Gençler diğer yandan arkadaşlarının psikolojik baskılarına maruz kalıyorlar. Gencin kız ya da erkek arkadaşı yoksa, "Aaaa, senin niye yok? Yoksa seni kimse beğenmiyor mu?" deniliyor. Genç de beğenilen bir kişi olduğunu ispatlamak için birisiyle arkadaşlık etmeye kendisini mecbur biliyor. Oysa ölçüsüz, sınırsız ve sırf duygusallığın yönlendirdiği arkadaşlıklar, gençlikte yüksek idealleri yok edip başarıyı engelliyor. "Aynı zeminde bulunan kız ve erkekler hepsi aşk hayatı mı yaşıyor, kızlarla erkekleri birbirinden soyutlayalım mı?" derseniz, tabii ki, şu an bu imkansız bir şey. Yapılacak olan, arkadaşlıkların sınırlarını iyi çizmektir. Özellikle kız-erkek arkadaşlığının nerede başlayıp nerede biteceğini bilmek büyük önem arz eder. Duygusallığın egemen olduğu gençlik çağında, yapılacak çoğu davranışların kişileri pişmanlıkla yüz yüze getirdiği inkar edilemez. Bu yüzden aklın yönlendirmelerine her zamandan çok gençlik çağında ihtiyaç vardır. Çünkü, "Gençlik akıldan ziyade hissiyatı dinler. His ve heves ise kördür, akıbeti görmez."S.D. adlı üniversiteli genç kızın pişmanlık dolu sözleri sınırların ve ideallerin nasıl doğru çizilmesi gerektiğine işaret ediyor: "Biz kızlı erkekli bir gruptuk. Hepimizin arkadaşı vardı. Okuldan çıkar çıkmaz bir yerlere giderdik. Çok çalışkan, kitap okuyan, memleket meselelerine kafayı yoranlara; "inek" veya "enayi" derdik. Ama o "inek ve enayiler" okuyup adam oldular. Ben uyuşturucuya ve alkole alıştım. Baktım bunlar da beni mutlu etmiyor. İntihara teşebbüs ettim. Şimdi de okulu terk ettim. Psikiyatri tedavisi görüyorum. Geriye dönüp baktığımda hep pişmanlık duyuyorum ve keşke diyorum."

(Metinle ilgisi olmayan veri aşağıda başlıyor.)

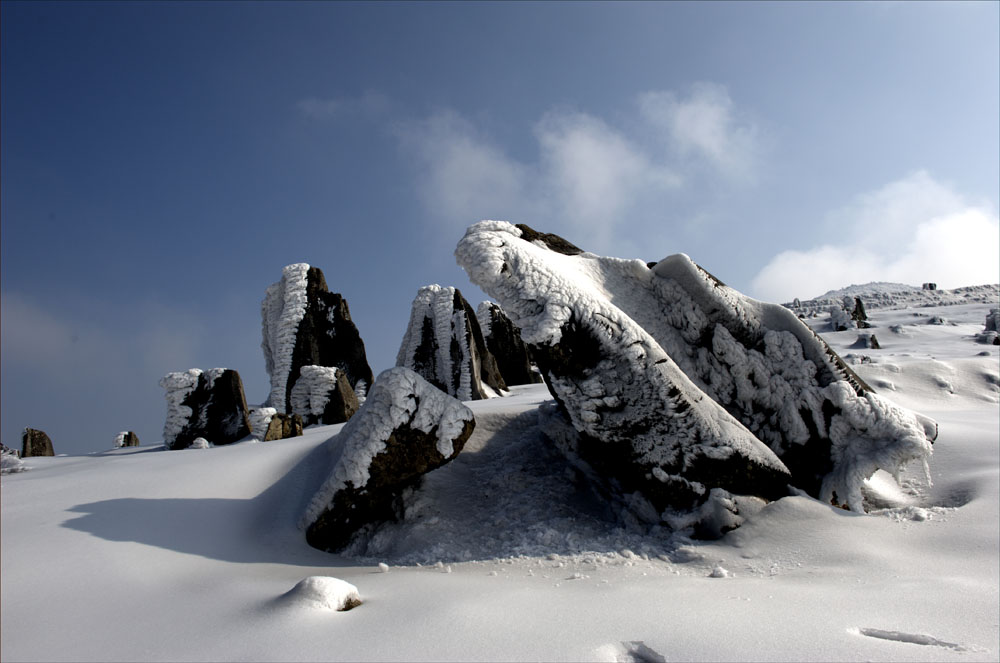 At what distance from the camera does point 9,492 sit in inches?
177

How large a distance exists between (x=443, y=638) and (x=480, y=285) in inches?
113

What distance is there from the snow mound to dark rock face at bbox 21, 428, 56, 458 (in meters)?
12.1

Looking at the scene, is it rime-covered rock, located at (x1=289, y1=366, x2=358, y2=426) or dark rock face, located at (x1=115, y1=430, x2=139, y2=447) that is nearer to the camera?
rime-covered rock, located at (x1=289, y1=366, x2=358, y2=426)

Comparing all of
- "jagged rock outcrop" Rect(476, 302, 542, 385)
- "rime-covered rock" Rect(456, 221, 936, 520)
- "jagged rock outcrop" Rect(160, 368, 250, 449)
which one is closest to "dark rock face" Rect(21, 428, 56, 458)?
"jagged rock outcrop" Rect(160, 368, 250, 449)

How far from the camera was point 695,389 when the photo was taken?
4391mm

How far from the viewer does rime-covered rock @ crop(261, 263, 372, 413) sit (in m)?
12.7

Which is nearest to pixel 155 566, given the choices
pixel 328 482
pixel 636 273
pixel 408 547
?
pixel 328 482

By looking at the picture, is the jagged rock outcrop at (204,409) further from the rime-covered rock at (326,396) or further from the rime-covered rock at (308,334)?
the rime-covered rock at (308,334)

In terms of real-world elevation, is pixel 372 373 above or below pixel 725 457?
above

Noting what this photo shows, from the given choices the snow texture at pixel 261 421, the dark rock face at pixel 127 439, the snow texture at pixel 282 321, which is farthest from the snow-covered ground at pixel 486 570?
the dark rock face at pixel 127 439

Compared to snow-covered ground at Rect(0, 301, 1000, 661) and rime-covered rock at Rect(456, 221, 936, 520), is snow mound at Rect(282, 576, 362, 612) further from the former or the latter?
rime-covered rock at Rect(456, 221, 936, 520)

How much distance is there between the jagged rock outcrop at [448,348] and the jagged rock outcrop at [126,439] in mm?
7001

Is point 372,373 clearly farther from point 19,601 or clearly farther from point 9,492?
point 19,601

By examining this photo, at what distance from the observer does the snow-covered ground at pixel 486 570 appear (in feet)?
7.55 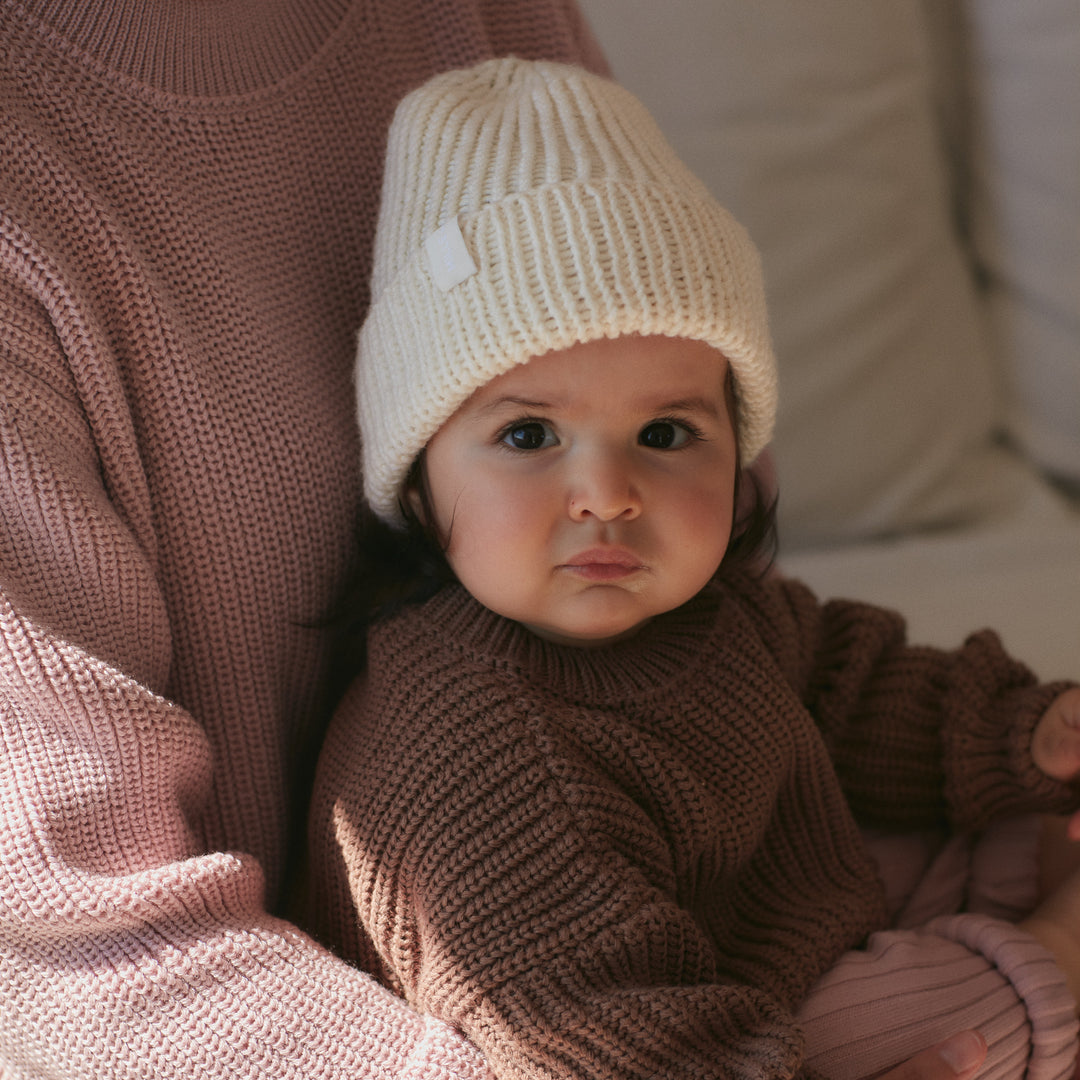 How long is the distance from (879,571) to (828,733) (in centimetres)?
39

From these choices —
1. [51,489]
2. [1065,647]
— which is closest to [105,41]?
[51,489]

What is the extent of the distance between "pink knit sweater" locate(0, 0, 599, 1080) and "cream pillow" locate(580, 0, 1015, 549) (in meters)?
0.47

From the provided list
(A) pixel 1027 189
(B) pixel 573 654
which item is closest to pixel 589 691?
(B) pixel 573 654

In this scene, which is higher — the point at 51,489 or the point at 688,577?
the point at 51,489

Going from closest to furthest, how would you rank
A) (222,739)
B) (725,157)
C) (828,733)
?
(222,739) < (828,733) < (725,157)

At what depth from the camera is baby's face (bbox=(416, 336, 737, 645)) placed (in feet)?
2.37

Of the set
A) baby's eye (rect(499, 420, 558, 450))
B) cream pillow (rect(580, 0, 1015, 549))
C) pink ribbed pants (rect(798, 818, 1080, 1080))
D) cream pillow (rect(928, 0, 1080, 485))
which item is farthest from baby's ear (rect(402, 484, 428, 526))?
cream pillow (rect(928, 0, 1080, 485))

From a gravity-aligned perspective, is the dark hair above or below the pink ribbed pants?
above

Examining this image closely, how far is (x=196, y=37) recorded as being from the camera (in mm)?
802

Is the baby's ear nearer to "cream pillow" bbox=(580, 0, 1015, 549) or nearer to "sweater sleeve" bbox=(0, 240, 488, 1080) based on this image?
"sweater sleeve" bbox=(0, 240, 488, 1080)

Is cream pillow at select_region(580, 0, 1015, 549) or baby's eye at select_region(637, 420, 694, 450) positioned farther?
cream pillow at select_region(580, 0, 1015, 549)

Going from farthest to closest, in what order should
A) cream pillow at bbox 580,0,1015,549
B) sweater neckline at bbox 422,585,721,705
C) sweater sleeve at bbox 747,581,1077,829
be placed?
cream pillow at bbox 580,0,1015,549, sweater sleeve at bbox 747,581,1077,829, sweater neckline at bbox 422,585,721,705

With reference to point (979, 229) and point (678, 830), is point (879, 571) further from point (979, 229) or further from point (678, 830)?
point (678, 830)

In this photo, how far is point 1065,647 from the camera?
1152mm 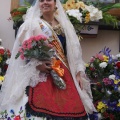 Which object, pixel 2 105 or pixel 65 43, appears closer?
pixel 2 105

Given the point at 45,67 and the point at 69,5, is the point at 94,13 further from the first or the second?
the point at 45,67

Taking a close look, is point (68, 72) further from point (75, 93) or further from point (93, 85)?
point (93, 85)

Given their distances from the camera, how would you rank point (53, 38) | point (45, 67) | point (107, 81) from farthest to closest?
point (107, 81)
point (53, 38)
point (45, 67)

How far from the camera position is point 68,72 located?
313cm

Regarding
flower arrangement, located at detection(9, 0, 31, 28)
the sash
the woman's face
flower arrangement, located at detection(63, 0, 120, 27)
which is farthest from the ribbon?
flower arrangement, located at detection(9, 0, 31, 28)

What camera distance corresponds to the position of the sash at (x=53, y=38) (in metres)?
3.13

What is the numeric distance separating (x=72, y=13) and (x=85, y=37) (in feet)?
1.30

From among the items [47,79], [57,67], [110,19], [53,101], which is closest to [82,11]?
[110,19]

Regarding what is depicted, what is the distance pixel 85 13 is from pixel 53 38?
0.84 metres

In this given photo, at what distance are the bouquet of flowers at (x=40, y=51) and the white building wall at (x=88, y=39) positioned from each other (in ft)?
3.87

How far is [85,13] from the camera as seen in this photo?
12.7ft

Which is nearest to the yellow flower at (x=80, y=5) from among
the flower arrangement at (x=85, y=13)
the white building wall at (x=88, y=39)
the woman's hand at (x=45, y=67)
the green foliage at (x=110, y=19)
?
the flower arrangement at (x=85, y=13)

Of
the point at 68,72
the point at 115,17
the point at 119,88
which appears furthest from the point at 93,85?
the point at 115,17

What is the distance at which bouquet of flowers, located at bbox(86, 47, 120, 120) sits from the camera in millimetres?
3402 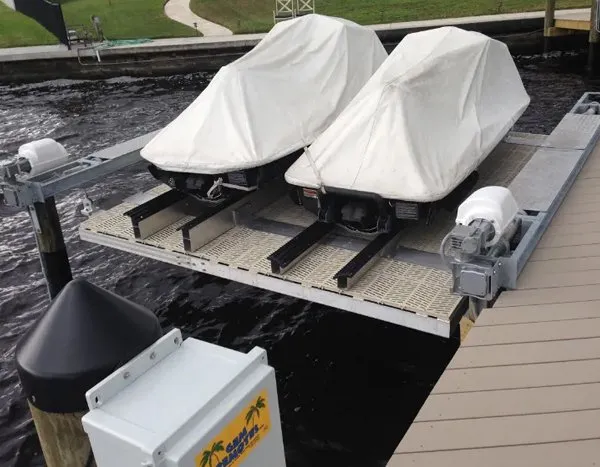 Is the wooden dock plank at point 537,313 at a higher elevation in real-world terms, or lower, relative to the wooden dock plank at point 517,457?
lower

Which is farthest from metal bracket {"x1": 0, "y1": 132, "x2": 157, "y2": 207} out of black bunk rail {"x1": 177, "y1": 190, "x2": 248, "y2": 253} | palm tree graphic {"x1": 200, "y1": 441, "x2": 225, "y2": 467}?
palm tree graphic {"x1": 200, "y1": 441, "x2": 225, "y2": 467}

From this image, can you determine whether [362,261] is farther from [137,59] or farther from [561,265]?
[137,59]

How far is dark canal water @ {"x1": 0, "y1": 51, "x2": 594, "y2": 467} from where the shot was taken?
591 cm

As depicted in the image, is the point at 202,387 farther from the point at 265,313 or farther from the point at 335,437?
the point at 265,313

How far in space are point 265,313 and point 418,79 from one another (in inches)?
121

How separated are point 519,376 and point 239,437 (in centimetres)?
217

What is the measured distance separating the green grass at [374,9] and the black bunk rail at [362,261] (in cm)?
1697

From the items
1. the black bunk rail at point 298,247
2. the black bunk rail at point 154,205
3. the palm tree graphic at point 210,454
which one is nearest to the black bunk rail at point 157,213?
the black bunk rail at point 154,205

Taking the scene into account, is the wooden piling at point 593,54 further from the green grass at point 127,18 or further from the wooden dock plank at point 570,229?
the wooden dock plank at point 570,229

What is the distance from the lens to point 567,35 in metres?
18.7

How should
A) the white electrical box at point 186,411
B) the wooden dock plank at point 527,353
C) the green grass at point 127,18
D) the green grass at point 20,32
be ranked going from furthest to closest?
the green grass at point 127,18 < the green grass at point 20,32 < the wooden dock plank at point 527,353 < the white electrical box at point 186,411

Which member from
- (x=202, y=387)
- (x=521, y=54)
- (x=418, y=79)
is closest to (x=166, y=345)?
(x=202, y=387)

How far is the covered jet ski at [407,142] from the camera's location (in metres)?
6.23

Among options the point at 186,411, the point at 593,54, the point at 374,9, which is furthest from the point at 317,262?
the point at 374,9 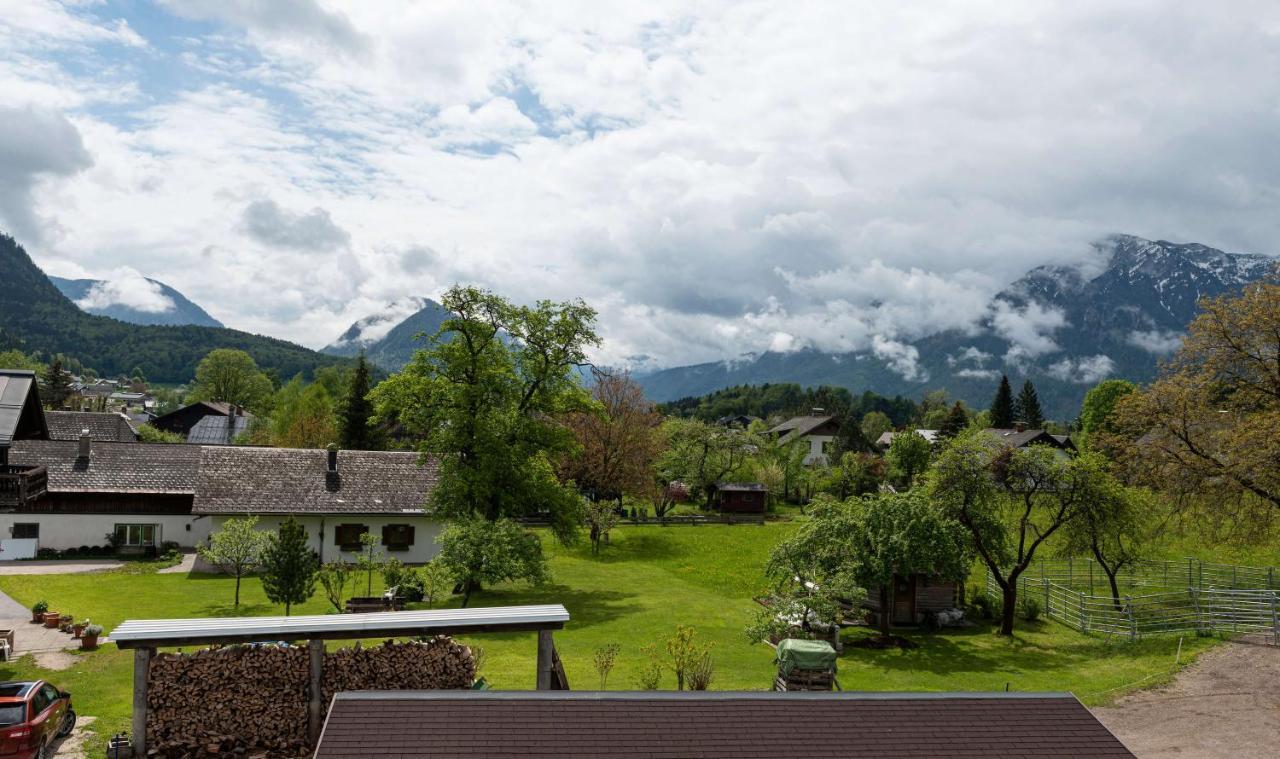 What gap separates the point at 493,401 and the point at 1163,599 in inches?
1128

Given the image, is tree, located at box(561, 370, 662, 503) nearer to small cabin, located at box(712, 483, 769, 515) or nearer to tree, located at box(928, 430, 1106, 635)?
small cabin, located at box(712, 483, 769, 515)

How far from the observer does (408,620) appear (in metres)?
14.9

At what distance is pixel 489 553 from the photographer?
96.8 feet

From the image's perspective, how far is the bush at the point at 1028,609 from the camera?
30266 mm

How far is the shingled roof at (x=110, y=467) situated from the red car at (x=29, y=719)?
27.9 m

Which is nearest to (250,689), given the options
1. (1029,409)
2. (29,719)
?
(29,719)

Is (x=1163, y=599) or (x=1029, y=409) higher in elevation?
(x=1029, y=409)

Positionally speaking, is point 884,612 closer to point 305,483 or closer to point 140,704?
point 140,704

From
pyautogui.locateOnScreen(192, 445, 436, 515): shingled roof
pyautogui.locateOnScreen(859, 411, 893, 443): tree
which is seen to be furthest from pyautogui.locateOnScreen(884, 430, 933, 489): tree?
pyautogui.locateOnScreen(859, 411, 893, 443): tree

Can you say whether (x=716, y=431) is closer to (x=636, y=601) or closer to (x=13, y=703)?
(x=636, y=601)

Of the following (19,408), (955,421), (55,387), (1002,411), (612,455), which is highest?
(55,387)

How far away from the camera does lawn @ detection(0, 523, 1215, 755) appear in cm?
2067

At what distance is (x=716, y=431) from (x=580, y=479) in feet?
59.8

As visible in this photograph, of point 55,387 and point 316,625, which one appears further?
point 55,387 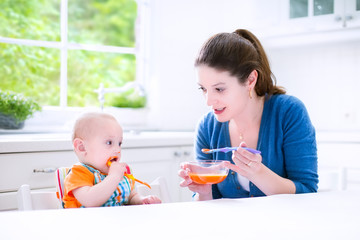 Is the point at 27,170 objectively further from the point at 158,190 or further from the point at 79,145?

Prof. Nevzat Tarhan'ın çok güzel bir tespiti var: "Kişi beynine hangi alanda zevk almayı öğretirse beyin ona göre çalışır." Kişi beynine yüksek ideallerden zevk almayı öğretirse aklına, iradesine ve duygularına hakim olmayı bilir. Bu tip gençler hem başarıyı hem de mutluluğu birlikte yakalarlar.